The link we posted yesterday about the KT7 and its RMA rates brings up issues we’ve been long troubled by at Overclockers.com.
Websites get equipment, often hand-selected equipment by the manufacturer, on which to do a review. Is that equipment necessarily representative of the equipment you’re going to get? Maybe yes, maybe no.
How long does a site test a piece of equipment? If it’s a site that does a lot of hardware reviews, probably not very long, after all, there’s more coming all the time.
But even if it isn’t, “install it, run the benches, and get out,” how long is long enough? A few days? A couple weeks? Longer? How much equipment could anybody possibly test if everything got subjected to long-term tryouts? How long would you be willing to wait until they were through?
Finally, no matter how long the test takes or how conscientious the review is, the reviewer only has one sample. The manufacturer will make at least umpteen thousands, in some cases maybe even millions of an item. Can you predict how all those units are going to behave based on your one?

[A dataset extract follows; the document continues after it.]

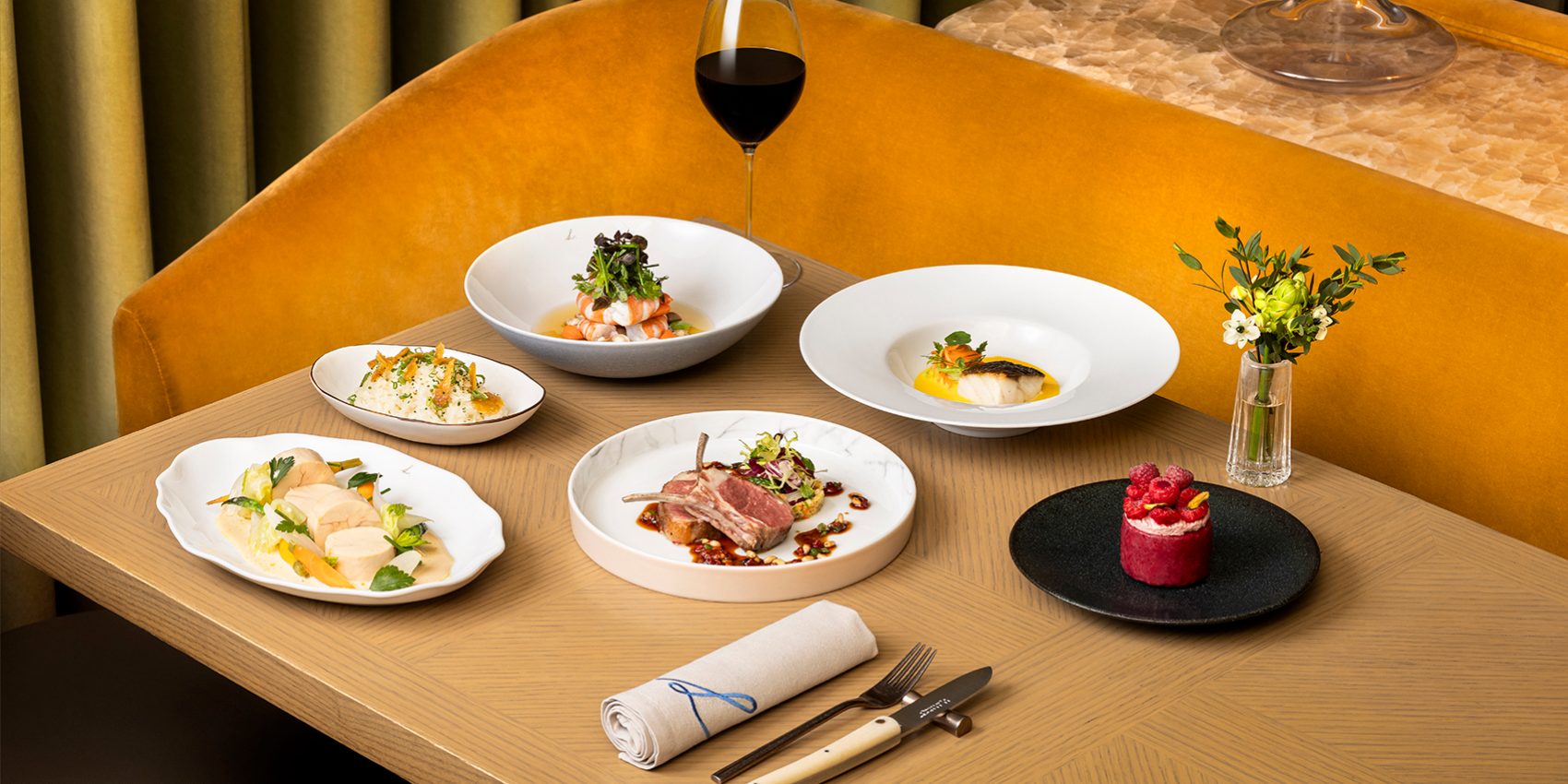 Cathay partners with Louise to bring French cuisine to First class and Business cabins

Mass Production Doesn’t Yield Mass Results
If dealing with computer hardware has taught me anything, it’s taught me the real consequences of variation in a mass-produced item.
We’ve seen CPUs, literally sitting right next to each other when they were being made, and tested on the same platform, perform quite differently when overclocked.
In gathering my surveys, I’ve seen components act rather differently in very similiar surroundings. Sure, there are more similarities than differences, but still some pretty big differences in performance.
I’ve read countless posts about people with problems with their computer equipment, and while many can be explained by the user not taking the right steps, there’s still some that appear inexplicable.
You may say, “Well, DUH, some things are broken.” Thank you for that brilliant insight :), but often, it’s not a matter of being broken, but performing above spec, but not at the expected “spec.”
Others may say, “You have to expect this, it’s just statistical variation.” No denying that, but how do you predict statistical variation on a sample of one? You can’t. More importantly, how can you gauge and present such statistical variation to somebody just buying one of the items?
“They Should All Be The Same; It’s Only Fair”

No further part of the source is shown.